Mr. Tester, a member of the Senate Banking Committee, was a proponent of the provision of the Dodd-Frank financial reform bill that required the SEC to study the issue before proposing a rule.
In a speech to a meeting of the National Association of Insurance and Financial Advisors in Washington today, Mr. Tester said that harmonizing advice rules between investment advisers, who must act in the best interests of their clients, and brokers, who meet a less stringent suitability standard, is a good idea but must be done carefully.
“Any efforts to do so must consider any consequences and should not limit choice or access to advice and services provided to investors or increase costs,” Mr. Tester said. “I'm pleased to say they're taking a deliberate approach on this issue.”
A year after delivering a report to Congress that recommended universal fiduciary duty for advisers and brokers, the SEC has told lawmakers that it will now conduct a regulatory-impact analysis, which could push a final decision on a proposal to this fall or next year.
NAIFA, whose nearly 50,000 members include insurance agents licensed as brokers, is skeptical of fiduciary duty. The group worries that the extension of the investment-adviser standard to brokers would drive up compliance and legal costs and force its members, who work on commission, to abandon middle-market customers.
Fiduciary advocates maintain that NAIFA is crying “wolf.” They say that a universal fiduciary standard would better protect investors, who must build more of their own nest egg as company-directed pensions wane. They also assert that the sale of annuity products, which often can be complex and confusing, cries out for a fiduciary standard.
It's not surprising that Mr. Tester would endorse the NAIFA view, given that he was a featured speaker at its meeting. But his statement does demonstrate that skepticism about a fiduciary-duty rule is bipartisan.
It mostly has been Republicans who have pressed the SEC to bolster its cost-benefit analysis procedures. In fact, two Republican SEC commissioners dissented to the fiduciary duty report because they said that its conclusion lacked sufficient economic analysis.
Bipartisanship has been a hallmark of opposition to a proposal last year by the Labor Department to expand the definition of “fiduciary” for anyone providing advice about retirement savings investments.
A proposed rule was withdrawn in September amid fierce industry and Capitol Hill opposition.

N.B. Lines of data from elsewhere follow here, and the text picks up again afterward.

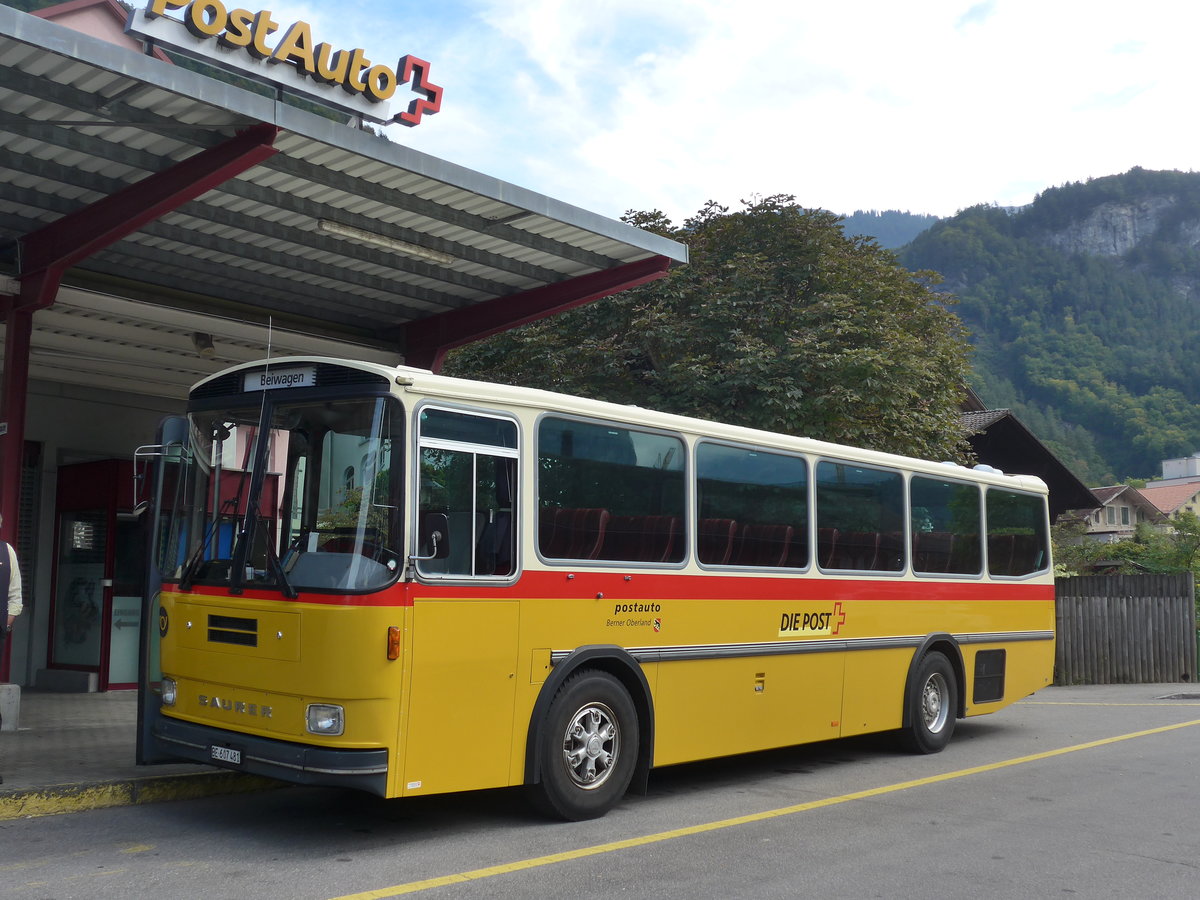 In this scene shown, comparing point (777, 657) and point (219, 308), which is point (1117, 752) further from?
point (219, 308)

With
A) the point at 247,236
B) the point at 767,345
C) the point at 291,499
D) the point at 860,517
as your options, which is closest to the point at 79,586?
the point at 247,236

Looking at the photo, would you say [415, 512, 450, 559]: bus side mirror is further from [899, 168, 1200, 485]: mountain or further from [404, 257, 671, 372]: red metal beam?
[899, 168, 1200, 485]: mountain

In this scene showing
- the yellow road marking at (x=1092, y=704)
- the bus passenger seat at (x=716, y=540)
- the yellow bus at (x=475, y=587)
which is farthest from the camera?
the yellow road marking at (x=1092, y=704)

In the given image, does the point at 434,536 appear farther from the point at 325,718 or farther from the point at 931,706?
the point at 931,706

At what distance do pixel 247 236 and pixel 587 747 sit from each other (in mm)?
6399

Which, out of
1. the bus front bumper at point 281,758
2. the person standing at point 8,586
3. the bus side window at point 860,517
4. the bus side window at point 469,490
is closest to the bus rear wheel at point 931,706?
the bus side window at point 860,517

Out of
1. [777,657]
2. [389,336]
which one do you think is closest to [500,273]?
[389,336]

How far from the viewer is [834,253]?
72.2 ft

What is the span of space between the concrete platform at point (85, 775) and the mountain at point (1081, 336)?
8776 centimetres

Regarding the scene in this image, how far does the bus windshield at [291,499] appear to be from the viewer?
6746 mm

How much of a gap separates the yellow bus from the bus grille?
18 millimetres

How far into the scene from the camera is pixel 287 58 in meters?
10.1

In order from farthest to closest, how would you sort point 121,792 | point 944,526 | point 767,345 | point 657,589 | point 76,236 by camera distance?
point 767,345 → point 944,526 → point 76,236 → point 657,589 → point 121,792

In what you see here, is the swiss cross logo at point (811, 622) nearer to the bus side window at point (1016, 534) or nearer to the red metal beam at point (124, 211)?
the bus side window at point (1016, 534) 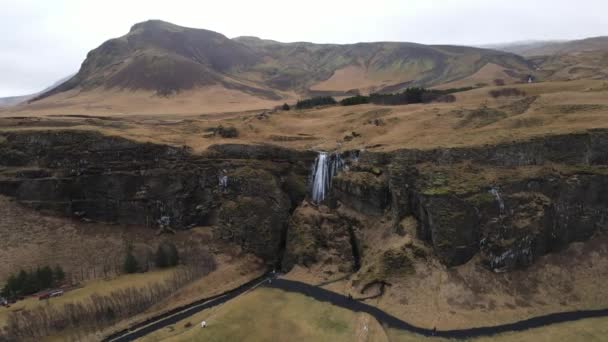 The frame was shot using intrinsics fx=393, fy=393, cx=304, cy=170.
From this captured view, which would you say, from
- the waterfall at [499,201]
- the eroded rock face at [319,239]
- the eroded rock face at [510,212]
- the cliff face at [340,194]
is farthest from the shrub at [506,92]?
the eroded rock face at [319,239]

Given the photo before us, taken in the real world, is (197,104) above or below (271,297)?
above

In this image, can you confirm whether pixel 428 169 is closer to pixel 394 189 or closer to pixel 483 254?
pixel 394 189

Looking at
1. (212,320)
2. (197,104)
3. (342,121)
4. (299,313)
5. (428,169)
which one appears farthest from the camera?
(197,104)

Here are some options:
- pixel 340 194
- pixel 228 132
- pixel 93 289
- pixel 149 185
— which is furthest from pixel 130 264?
pixel 228 132

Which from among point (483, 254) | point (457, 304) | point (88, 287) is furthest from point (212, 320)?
point (483, 254)

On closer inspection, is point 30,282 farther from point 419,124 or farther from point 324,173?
point 419,124

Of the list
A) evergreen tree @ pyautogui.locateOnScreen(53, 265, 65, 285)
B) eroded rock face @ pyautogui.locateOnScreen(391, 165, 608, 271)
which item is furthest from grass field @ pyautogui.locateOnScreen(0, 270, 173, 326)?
eroded rock face @ pyautogui.locateOnScreen(391, 165, 608, 271)

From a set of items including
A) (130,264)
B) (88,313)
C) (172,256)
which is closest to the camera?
(88,313) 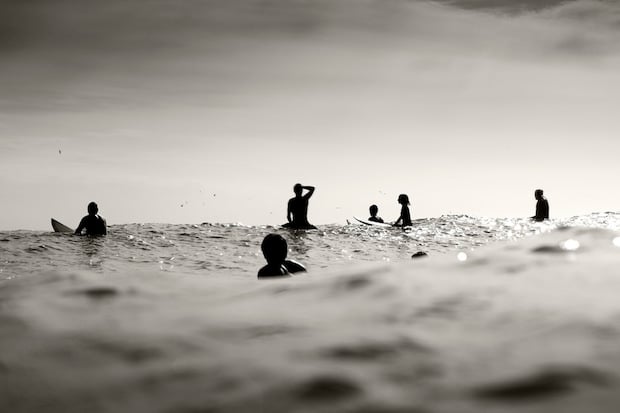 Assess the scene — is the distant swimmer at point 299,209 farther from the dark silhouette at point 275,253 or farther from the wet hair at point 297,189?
the dark silhouette at point 275,253

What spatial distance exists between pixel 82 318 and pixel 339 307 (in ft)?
4.18

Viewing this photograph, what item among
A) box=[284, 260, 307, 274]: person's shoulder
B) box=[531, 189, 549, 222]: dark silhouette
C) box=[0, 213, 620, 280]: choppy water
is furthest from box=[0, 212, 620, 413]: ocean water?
box=[531, 189, 549, 222]: dark silhouette

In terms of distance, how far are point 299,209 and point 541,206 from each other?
10.2 metres

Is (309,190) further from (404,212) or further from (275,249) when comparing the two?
(275,249)

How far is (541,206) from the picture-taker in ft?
73.6

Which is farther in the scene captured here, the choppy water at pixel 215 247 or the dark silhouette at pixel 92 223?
the dark silhouette at pixel 92 223

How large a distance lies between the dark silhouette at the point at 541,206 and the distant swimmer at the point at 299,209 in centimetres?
921

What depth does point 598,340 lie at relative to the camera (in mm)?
2082

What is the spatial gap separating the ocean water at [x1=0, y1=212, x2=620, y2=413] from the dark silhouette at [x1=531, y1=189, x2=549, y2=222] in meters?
19.7

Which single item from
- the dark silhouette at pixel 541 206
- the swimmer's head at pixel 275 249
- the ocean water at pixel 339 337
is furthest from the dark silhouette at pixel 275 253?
the dark silhouette at pixel 541 206

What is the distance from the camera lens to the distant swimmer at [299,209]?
59.8 feet

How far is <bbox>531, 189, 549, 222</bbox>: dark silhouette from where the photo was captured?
22.0 metres

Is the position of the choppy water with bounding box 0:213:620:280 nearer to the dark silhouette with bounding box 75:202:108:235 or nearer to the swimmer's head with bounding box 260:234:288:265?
the dark silhouette with bounding box 75:202:108:235

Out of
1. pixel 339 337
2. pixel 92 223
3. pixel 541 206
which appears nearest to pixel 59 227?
pixel 92 223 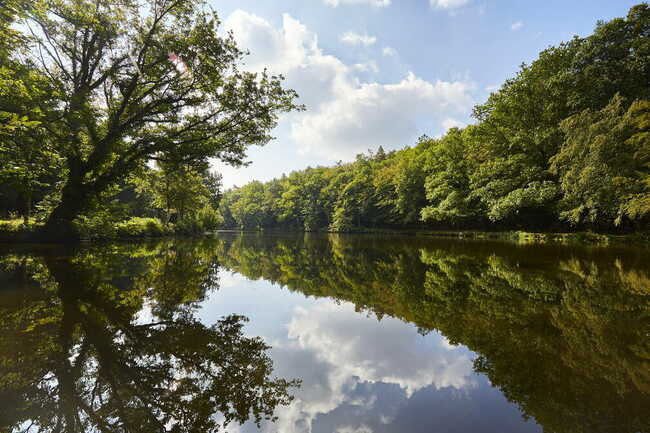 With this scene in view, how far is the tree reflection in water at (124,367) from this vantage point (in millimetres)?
2043

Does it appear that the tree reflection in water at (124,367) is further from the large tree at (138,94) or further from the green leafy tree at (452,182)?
the green leafy tree at (452,182)

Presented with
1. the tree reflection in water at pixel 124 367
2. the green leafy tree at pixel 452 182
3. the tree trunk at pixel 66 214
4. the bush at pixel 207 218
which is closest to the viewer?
the tree reflection in water at pixel 124 367

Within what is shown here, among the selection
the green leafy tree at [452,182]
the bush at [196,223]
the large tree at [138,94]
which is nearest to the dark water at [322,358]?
the large tree at [138,94]

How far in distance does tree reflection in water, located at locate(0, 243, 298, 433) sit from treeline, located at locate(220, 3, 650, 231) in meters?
19.4

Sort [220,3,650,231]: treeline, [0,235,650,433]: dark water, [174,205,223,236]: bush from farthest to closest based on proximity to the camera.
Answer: [174,205,223,236]: bush → [220,3,650,231]: treeline → [0,235,650,433]: dark water

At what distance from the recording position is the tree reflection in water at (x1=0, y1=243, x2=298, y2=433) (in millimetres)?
A: 2043

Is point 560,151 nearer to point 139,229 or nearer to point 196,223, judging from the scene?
point 139,229

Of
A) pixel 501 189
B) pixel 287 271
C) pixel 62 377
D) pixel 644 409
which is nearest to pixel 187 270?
pixel 287 271

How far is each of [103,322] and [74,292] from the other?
1977mm

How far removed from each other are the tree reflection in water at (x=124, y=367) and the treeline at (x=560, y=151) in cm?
1937

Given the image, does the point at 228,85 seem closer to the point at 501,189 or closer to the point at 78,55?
the point at 78,55

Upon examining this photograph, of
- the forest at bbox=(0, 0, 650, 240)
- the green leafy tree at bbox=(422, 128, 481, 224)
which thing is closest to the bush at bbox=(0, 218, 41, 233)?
the forest at bbox=(0, 0, 650, 240)

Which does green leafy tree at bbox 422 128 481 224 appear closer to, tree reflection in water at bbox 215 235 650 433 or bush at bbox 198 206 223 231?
tree reflection in water at bbox 215 235 650 433

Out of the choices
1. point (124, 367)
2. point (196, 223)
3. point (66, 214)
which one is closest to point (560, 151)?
point (124, 367) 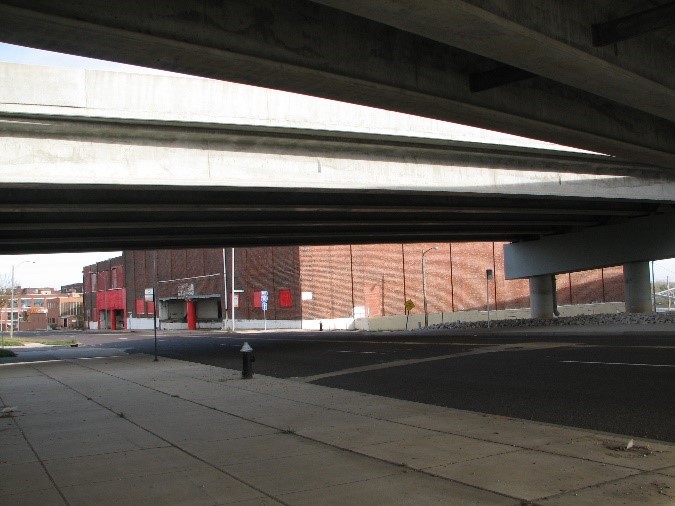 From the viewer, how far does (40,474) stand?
7.89 m

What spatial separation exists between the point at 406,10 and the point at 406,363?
46.1 ft

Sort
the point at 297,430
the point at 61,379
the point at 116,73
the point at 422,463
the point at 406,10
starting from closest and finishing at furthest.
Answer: the point at 406,10, the point at 422,463, the point at 297,430, the point at 116,73, the point at 61,379

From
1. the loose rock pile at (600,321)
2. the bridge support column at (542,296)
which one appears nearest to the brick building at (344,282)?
the loose rock pile at (600,321)

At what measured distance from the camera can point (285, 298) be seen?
6375cm

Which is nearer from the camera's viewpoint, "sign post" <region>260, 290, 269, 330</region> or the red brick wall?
"sign post" <region>260, 290, 269, 330</region>

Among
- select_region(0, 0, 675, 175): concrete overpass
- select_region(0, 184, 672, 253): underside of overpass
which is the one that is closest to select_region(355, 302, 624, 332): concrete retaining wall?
select_region(0, 184, 672, 253): underside of overpass

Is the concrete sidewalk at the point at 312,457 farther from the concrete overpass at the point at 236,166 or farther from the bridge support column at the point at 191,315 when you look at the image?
the bridge support column at the point at 191,315

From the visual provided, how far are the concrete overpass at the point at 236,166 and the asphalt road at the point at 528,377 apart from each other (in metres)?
5.02

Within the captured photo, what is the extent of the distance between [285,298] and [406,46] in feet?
184

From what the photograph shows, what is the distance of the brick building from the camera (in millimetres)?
62250

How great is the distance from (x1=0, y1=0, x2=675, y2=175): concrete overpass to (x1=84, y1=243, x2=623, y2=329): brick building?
4572 cm

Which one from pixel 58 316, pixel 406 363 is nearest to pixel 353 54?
pixel 406 363

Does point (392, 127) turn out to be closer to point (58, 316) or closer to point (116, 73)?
point (116, 73)

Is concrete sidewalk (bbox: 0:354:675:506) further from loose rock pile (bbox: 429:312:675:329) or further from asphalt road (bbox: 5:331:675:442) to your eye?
loose rock pile (bbox: 429:312:675:329)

Critics said that the regulation would impose fiduciary duty on sales of individual retirement accounts and drive brokers out of that market.
The DOL is conducting a cost-benefit analysis before re-proposing a rule later this year, probably in June.
“It is important that we ensure that all Americans, regardless of income, have good options available to them to save and plan for their retirement,” Mr. Tester said. “We will be carefully watching to see what their new proposal looks like.”
NAIFA also encouraged its members to lobby lawmakers to preserve tax breaks for insurance products. As Congress considers broad tax reform and deficit reduction, there is growing bipartisan consensus to reduce or eliminate so-called tax expenditures.
Between 2011 and 2015, tax deferrals for the buildup of investment income in life insurance policies will cost the government $148.3 billion in revenue while deferrals for contributions to 401(k)s and IRAs will total $467.4 billion, according to the congressional Joint Committee on Taxation.
Rep. Charles Boustany Jr., R-La., member of the House Ways and Means Committee, said he would work to “bring some reality to the halls of Congress as we deal with those issues” and urge his colleagues to support tax breaks for retirement savings.
NAIFA's political action committee had $1.2 million in its war chest last year, with 10,400 of its members contributing. A PAC can donate up to $5,000 per election — primary and general — to political candidates.